Da questo punto di vista, un episodio minimo – così ridicolo e marginale rispetto a ciò che accade sui grande scenari del conflitto – ha attirato la nostra attenzione. Si tratta di quelle immagini in cui un gruppo di donne ucraine ha offerto del cibo ad un giovane militare russo catturato. Il povero soldatino, di fronte a tanta cura, si è commosso. Le immagini sono state riproposte dai nostri media col solito sottofondo sentimentale con cui si trattano queste vicende, ma per noi significano di più. Soprattutto per quel che si può immaginare sia accaduto prima di quella scena, cioè quando quelle donne – presumibilmente timorose e perfino giustamente adirate con l’orribile invasore – hanno invece scelto di consolare il giovane, vedendo sotto il suo elmetto non il nemico, ma l’essere umano, il figlio.

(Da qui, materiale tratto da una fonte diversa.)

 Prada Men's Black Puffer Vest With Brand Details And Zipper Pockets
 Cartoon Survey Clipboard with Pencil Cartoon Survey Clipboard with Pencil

È questa l’intuizione eterodossa – altra rispetto ai nostri calcoli, altra rispetto alle nostre ragioni, altra rispetto alla violenza giustificata – che Hannah Arendt chiamava “miracolo”: «Quanto più la bilancia pende verso la catastrofe, tanto più l’atto compiuto in libertà appare miracoloso». Il miracolo è «l’interruzione» dell’automatismo insito negli «eventi di natura». Esso è, «in assoluto, l’inatteso imprevisto».
È per questo che il Papa chiede di pregare: perché in tutti, dai capi della Terra in giù, si dilati la “miracolosa libertà” mostrata a tutti da un gruppo di donne. Laggiù, in Ucraina, in un giorno di feroci combattimenti.
PS per i lettori che ci scrivono di non capire le ragioni russe e di ignorare cosa è successo nel Donbass in questi anni. Del Donbass noi abbiamo parlato spesso: ci abbiamo pure fatto un reportage. Abbiamo raccontato delle bombe lanciate da Kiev su Donetsk, così come della persecuzione dei ribelli filorussi contro i cattolici a Lugansk. È un conflitto dove ci sono state atrocità, da una parte e dall’altra. Resta in fatto che quanto lì accaduto non giustifica in alcun modo l’invasione dell’Ucraina. Quindi, per favore, cari lettori manichei, smammate e andate a fare le vostre prediche da un’altra parte.